The guy had sent me a close-up of his penis. Yeah, really. So close up I could tell he was circumcised.
I pulled back from the screen as if burned. I sat there thinking, oh no, he sent me the wrong pic, he'll be humiliated. Then he asked eagerly, "Did you get the picture? What do you think?"
Oh, I got the picture all right. My answer was succinct. I told him exactly what I thought, "Wow, did anyone ever mention you look just like a mushroom?"
I saved the chat file along with the photo, closed the chat window, went to wash my hands, came back and reported him. He was fired. I was hired.
But he knew my real name plus my address and phone number. AOL Security assured me I was safe. Other than a few phone hang-ups for about a week (no Caller ID then), I never heard from --or saw-- Rob again. Any part of Rob.
Interesting sidebar: When I started working for AOL full time, all my colleagues knew my real name but it took months for people to stop calling me Honey. In emails, phone calls, meetings, to my face.
I finally realized I needed to lose the Honey screen name. And start using my real name. Um... good thing there was no full-fledged search back then.
Search Me...
If you do a Google search of my name now you will find I am at least three different people in addition to my real self

1. Sally Swift, Porn Star

Not me, another Sally Swift. Really. Honest.
2. Sally Swift, Legendary Riding Instructor
Most definitely not me. For one thing, I'm still alive. She's not.
3. Sally Swift, Intrepid Environmental Warrior

Nope, not me (another pic also shown below). Here I am with my partner, both agents for a worldwide environmental protection agency. I have a pet leopard and I lead a division of all female agents. (I kind of like this one).

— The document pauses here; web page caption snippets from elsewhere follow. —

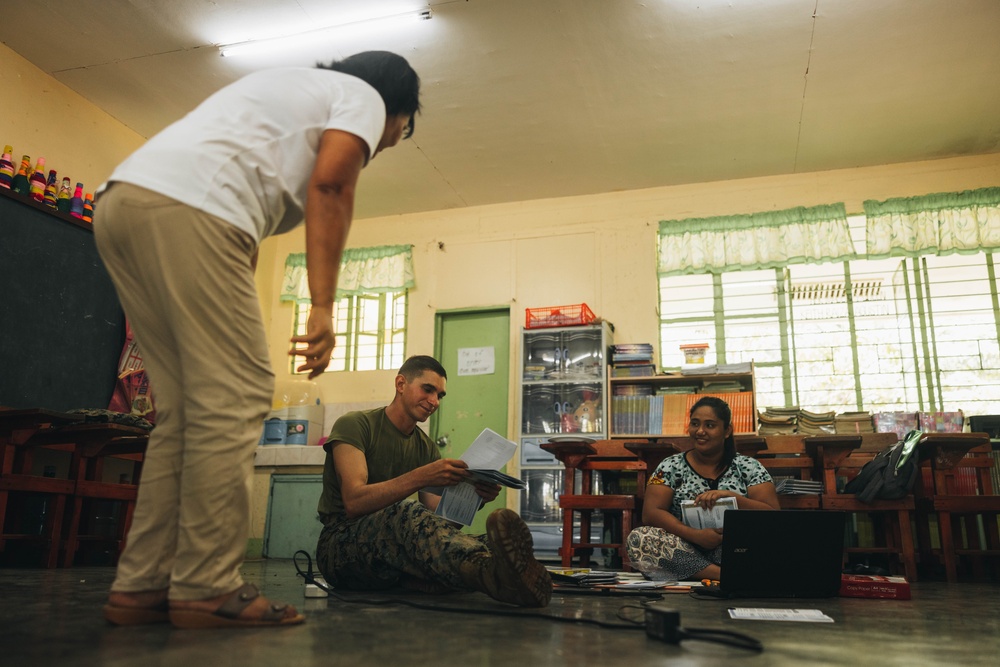 3rd LLB Volunteers at Philippine Elementary School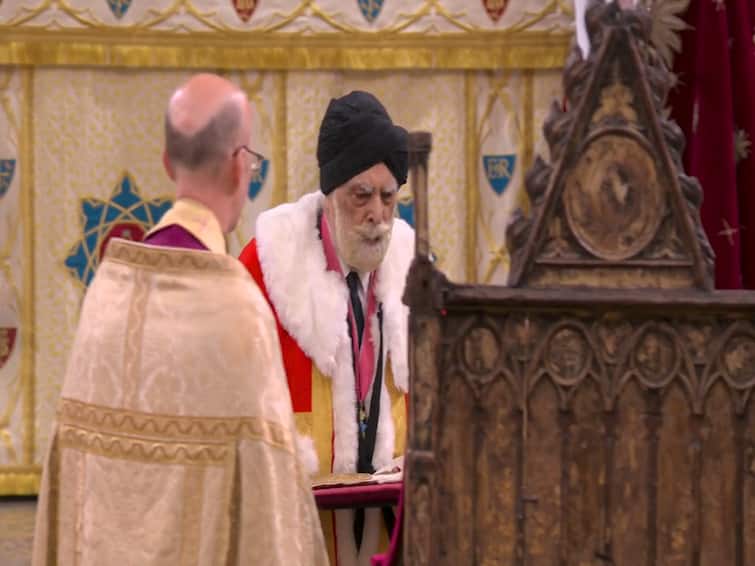 British Sikh Peer Lord Indarjit Singh Bears Coronation Glove for King Charles Says Honour For Entire Sikh Community 'Honour For Entire Sikh Community': British Sikh Peer Bears Coronation Glove for King Charles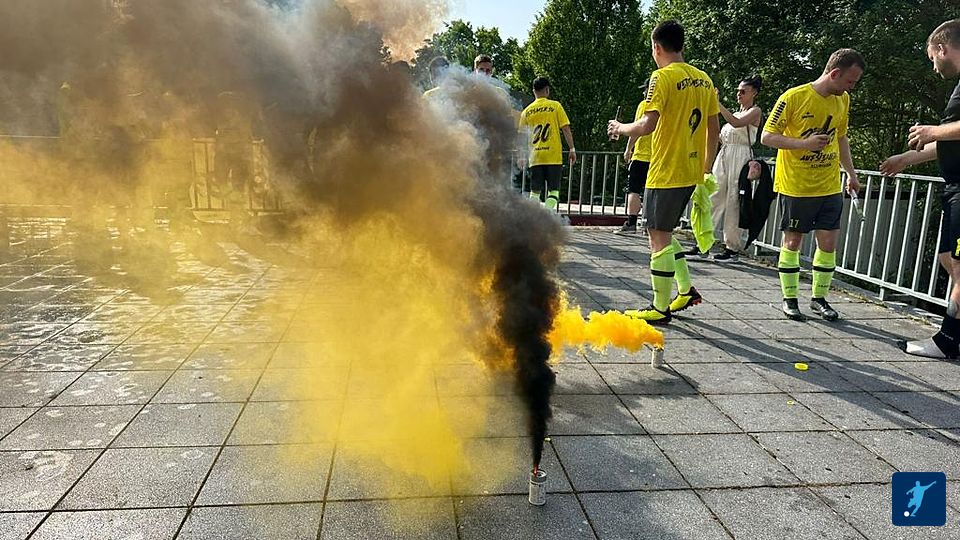 Der Uedemer SV feiert den Doppel-Aufstieg in Kleve und Geldern: Erste in die Bezirksliga, Zweite in die Kreisliga B. Fotos: Verein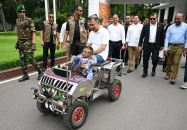 কলেজছাত্র ওয়াকিমুলের বানানো ‘স্মার্ট কারে’ চড়লেন প্রধানমন্ত্রী তারেক রহমান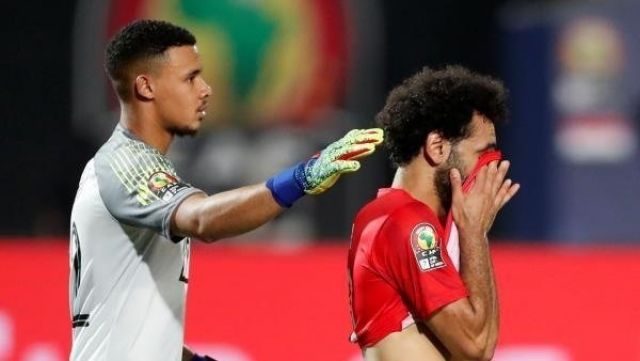بعد توديع أمم أفريقيا.. تقلص فرص صلاح في الفوز بالكرة الذهبية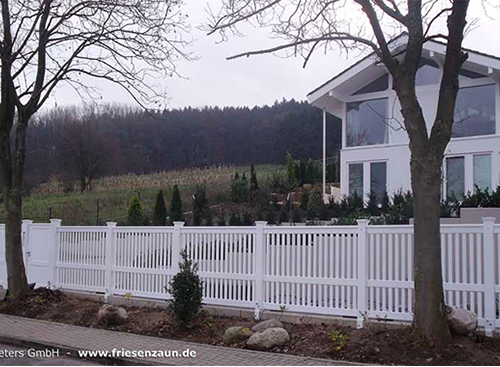 Original Sylter Friesenzaun - Weißer Gartenzaun aus wertvollem ODUM IROKO Hartholz - Anfertigung nach Maß von Peters + Peters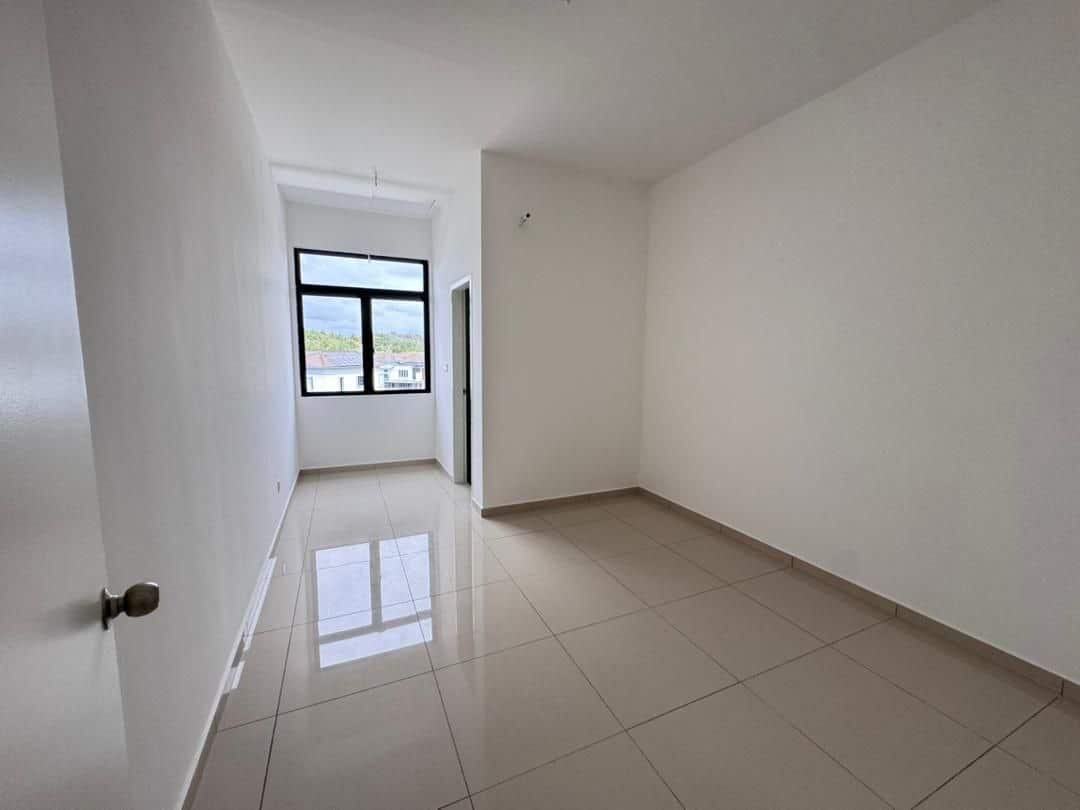 Double Storey Terrace Taman Desa Tebrau 6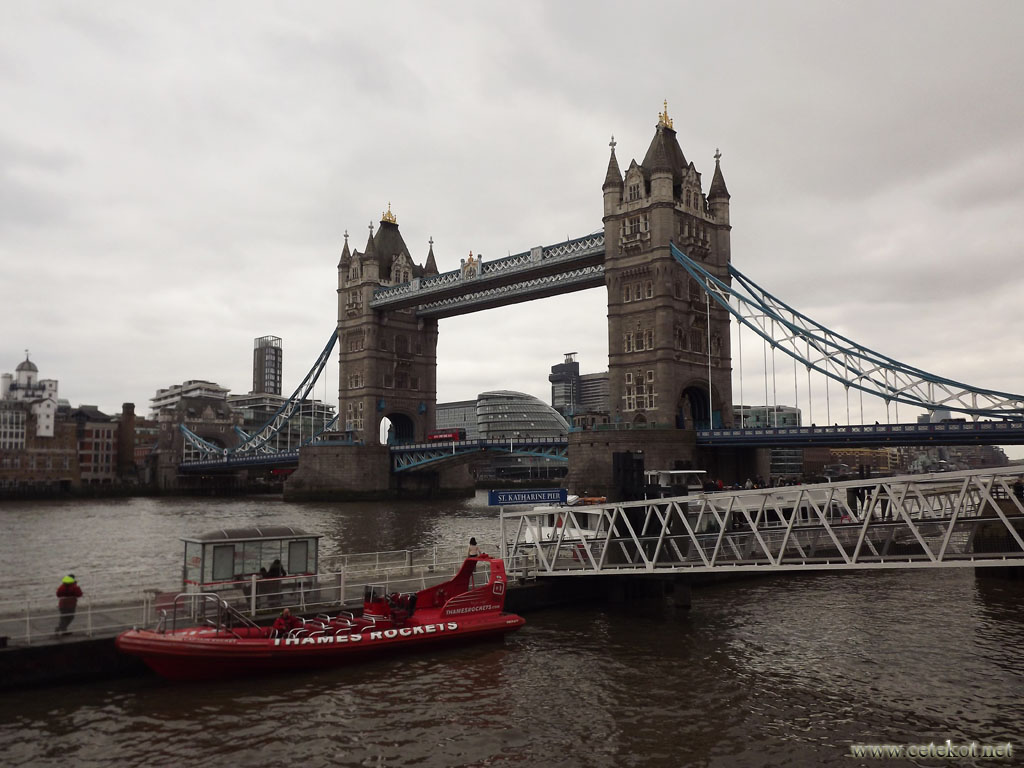 Лондон: Тауэрский мост с нетуристического ракурса.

In real life I am exactly as you've come to know me. I've told many life stories, showed many photos and met quite a few fellow bloggers who've recognized, I hope, that I am who I am.
But I continue to have a hard and fast rule about the Internet: Be careful what you look for ...and what you believe... online.

Salon.com
Comments
Robin, I've got a big Ditto! for you.
Joan, glad you enjoyed. I've got a million AOL stories, these are the most tame...
I mean for gawdsakes !! The Macarena?
Sheba, thanks, I'm so proud of that line. If I could think of Rob's last name I'd Google him just for the fun of it. OTOH, naaa.
aka, you crack me up!
My name in the 90's was Savannah after my store and yes everyone thought I was a porn star too hahahaha
Rated with hugs
MAWB, I'm with you, what were those duds thinking?? And the one who sent his (or not his) to me worked there!
Christine, what a story. If she continued to date him, that must have been Some picture... heh
Lea, I was just searching photos of generic mushrooms when I stumbled on that one. Kismet or what? Rob's was less decorative and um, smaller.
greenheron, I'd write Sally and the Bears but it would have to be porn. heh
Deborah, my experiences at AOL ran the gamut and then some. There's another one about DADT. Plus, rampant sexism... oy. It's fun to tell a lighter story for a change.
Flower Child, everybody's got great comebacks, I love to hear them all. I bet your Bear friend was part of that, um, group...
Sheila, not sure why it's reassuring, but happy to oblige.
PS I was apparently not as naive in life as you when I found them and I will never forget the private Tea for Two Room on MSN [before you could set up your own private chats, there were public available pre-set for two only rooms lol] :-)
Rob the Mushroom
Rated for the expression 'skeeved out'.
YOU missed the all time great opportunity to ask, "Uhhh, is that supposed to be a penis? Rather smallish isn't it?"
More than likely, that would have made him feel like the air escaping from a full balloon let loose in the living room...
:D
Just kidding!! AOL was okay, if you didn't have the REAL Internet to chat on!! :D
Bears for Bears??? And they didn't go for the honey?? So very very ga...oh....yeah....:D
oxoxooxo, G
♥
And online in the early to mid '90's, trust me, AOL was anything but "white bread." Au contraire, the stories I can't tell.